[Available data]

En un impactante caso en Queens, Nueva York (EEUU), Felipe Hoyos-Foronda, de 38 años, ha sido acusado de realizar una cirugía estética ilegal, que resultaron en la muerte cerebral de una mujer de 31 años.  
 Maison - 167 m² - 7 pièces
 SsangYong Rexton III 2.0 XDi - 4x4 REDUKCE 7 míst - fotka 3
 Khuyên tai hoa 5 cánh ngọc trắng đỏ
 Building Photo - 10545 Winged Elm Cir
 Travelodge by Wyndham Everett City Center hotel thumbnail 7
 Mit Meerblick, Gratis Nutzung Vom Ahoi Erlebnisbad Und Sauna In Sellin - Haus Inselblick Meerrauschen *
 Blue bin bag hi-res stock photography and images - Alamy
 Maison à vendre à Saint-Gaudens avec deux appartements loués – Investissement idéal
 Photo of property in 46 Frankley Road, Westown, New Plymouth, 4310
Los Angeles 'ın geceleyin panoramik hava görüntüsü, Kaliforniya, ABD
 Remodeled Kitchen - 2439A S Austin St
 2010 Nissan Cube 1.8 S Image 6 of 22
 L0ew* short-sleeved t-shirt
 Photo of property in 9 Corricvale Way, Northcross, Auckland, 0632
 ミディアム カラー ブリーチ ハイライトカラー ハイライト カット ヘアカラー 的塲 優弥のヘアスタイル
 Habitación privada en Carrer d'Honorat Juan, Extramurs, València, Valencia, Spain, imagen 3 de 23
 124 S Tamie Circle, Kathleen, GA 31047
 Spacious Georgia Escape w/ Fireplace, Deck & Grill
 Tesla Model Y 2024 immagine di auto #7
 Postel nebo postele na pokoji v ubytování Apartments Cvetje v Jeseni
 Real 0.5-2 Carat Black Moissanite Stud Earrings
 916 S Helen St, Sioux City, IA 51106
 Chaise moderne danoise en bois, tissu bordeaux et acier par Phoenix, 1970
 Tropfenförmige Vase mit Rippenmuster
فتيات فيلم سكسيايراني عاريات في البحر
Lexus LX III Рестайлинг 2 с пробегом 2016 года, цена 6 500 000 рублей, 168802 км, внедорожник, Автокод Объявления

[/Available data]

• Exercise instructions
Using the same words as the original, repeat the records above.

• Problem solution
En un impactante caso en Queens, Nueva York (EEUU), Felipe Hoyos-Foronda, de 38 años, ha sido acusado de realizar una cirugía estética ilegal, que resultaron en la muerte cerebral de una mujer de 31 años.  
 Maison - 167 m² - 7 pièces
 SsangYong Rexton III 2.0 XDi - 4x4 REDUKCE 7 míst - fotka 3
 Khuyên tai hoa 5 cánh ngọc trắng đỏ
 Building Photo - 10545 Winged Elm Cir
 Travelodge by Wyndham Everett City Center hotel thumbnail 7
 Mit Meerblick, Gratis Nutzung Vom Ahoi Erlebnisbad Und Sauna In Sellin - Haus Inselblick Meerrauschen *
 Blue bin bag hi-res stock photography and images - Alamy
 Maison à vendre à Saint-Gaudens avec deux appartements loués – Investissement idéal
 Photo of property in 46 Frankley Road, Westown, New Plymouth, 4310
Los Angeles 'ın geceleyin panoramik hava görüntüsü, Kaliforniya, ABD
 Remodeled Kitchen - 2439A S Austin St
 2010 Nissan Cube 1.8 S Image 6 of 22
 L0ew* short-sleeved t-shirt
 Photo of property in 9 Corricvale Way, Northcross, Auckland, 0632
 ミディアム カラー ブリーチ ハイライトカラー ハイライト カット ヘアカラー 的塲 優弥のヘアスタイル
 Habitación privada en Carrer d'Honorat Juan, Extramurs, València, Valencia, Spain, imagen 3 de 23
 124 S Tamie Circle, Kathleen, GA 31047
 Spacious Georgia Escape w/ Fireplace, Deck & Grill
 Tesla Model Y 2024 immagine di auto #7
 Postel nebo postele na pokoji v ubytování Apartments Cvetje v Jeseni
 Real 0.5-2 Carat Black Moissanite Stud Earrings
 916 S Helen St, Sioux City, IA 51106
 Chaise moderne danoise en bois, tissu bordeaux et acier par Phoenix, 1970
 Tropfenförmige Vase mit Rippenmuster
فتيات فيلم سكسيايراني عاريات في البحر
Lexus LX III Рестайлинг 2 с пробегом 2016 года, цена 6 500 000 рублей, 168802 км, внедорожник, Автокод Объявления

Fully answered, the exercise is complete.